Top of THE DATA
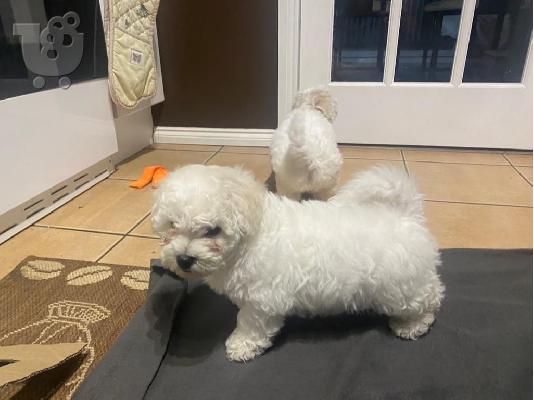 Όμορφα γεμάτα γενεαλογικά kc reg bichon frize κουτάβια,
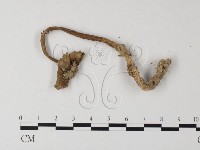 登錄號:F0003365藏品圖，第3張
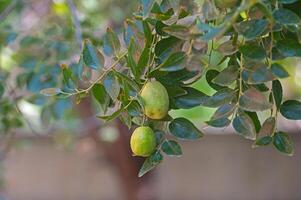 Chinese persimmon, jujube, unripe on the tree, on the branch. photo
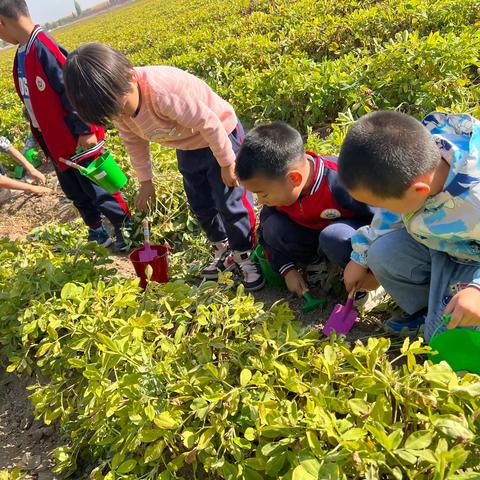 “探索自然、好事花生🥜”——艺鑫二幼苗苗班🔟月研学之旅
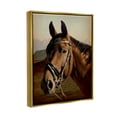 thumbnail image 4 of Stupell Industries Brown Horse Portrait Animals & Insects Photography Gold Floater Framed Canvas Art Print Wall Art, 25 x 31, 4 of 10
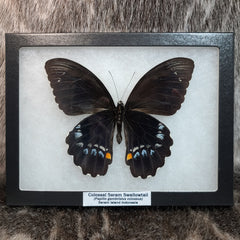 Colossal Seram Swallowtail Butterfly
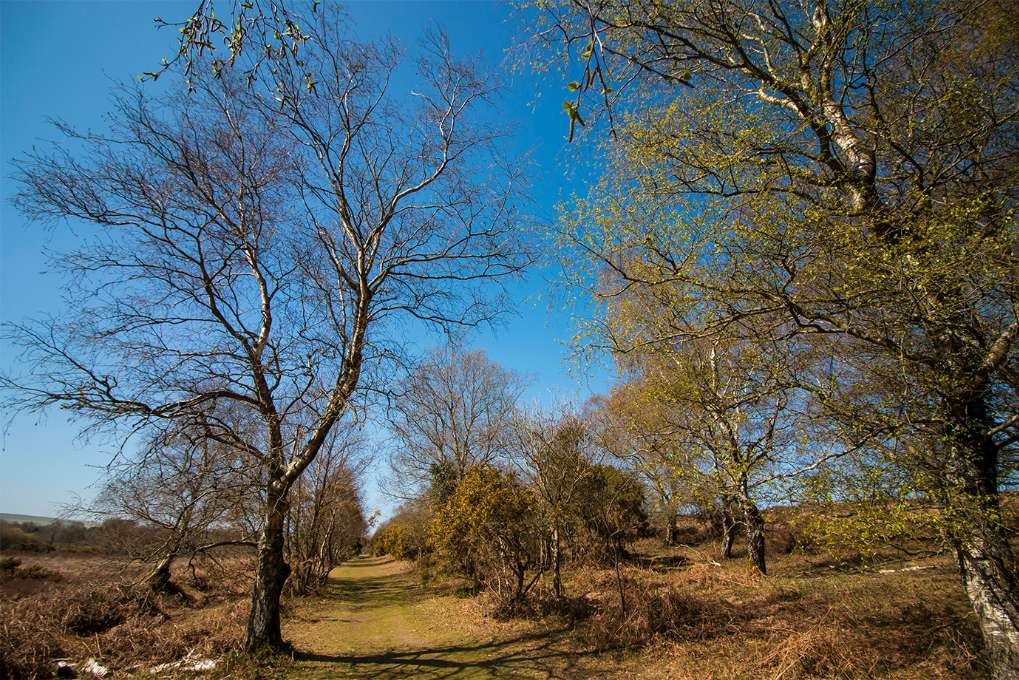 Tadnoll Heath nr Dorchester, Dorset, The Road to Wherever You Want to Go...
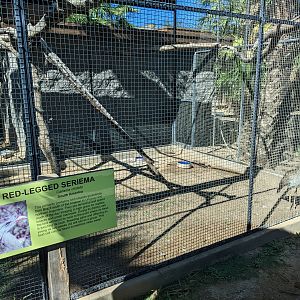 Safari Park -  Red-legged seriema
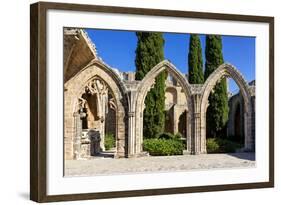 Bellapais Abbey near Kyrenia, Northern Cyprus-Dmitry Pogodin-Framed Photographic Print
Bottom of THE DATA
* [WHAT IS BEING ASKED]
Where the line with "登錄號:F0003365藏品圖，第3張" appears, begin there and transcribe exactly through the last line of the data, leaving all pictures aside.

* [TASK RESULT]
 登錄號:F0003365藏品圖，第3張
 Chinese persimmon, jujube, unripe on the tree, on the branch. photo
 “探索自然、好事花生🥜”——艺鑫二幼苗苗班🔟月研学之旅
 thumbnail image 4 of Stupell Industries Brown Horse Portrait Animals & Insects Photography Gold Floater Framed Canvas Art Print Wall Art, 25 x 31, 4 of 10
 Colossal Seram Swallowtail Butterfly
 Tadnoll Heath nr Dorchester, Dorset, The Road to Wherever You Want to Go...
 Safari Park -  Red-legged seriema
 Bellapais Abbey near Kyrenia, Northern Cyprus-Dmitry Pogodin-Framed Photographic Print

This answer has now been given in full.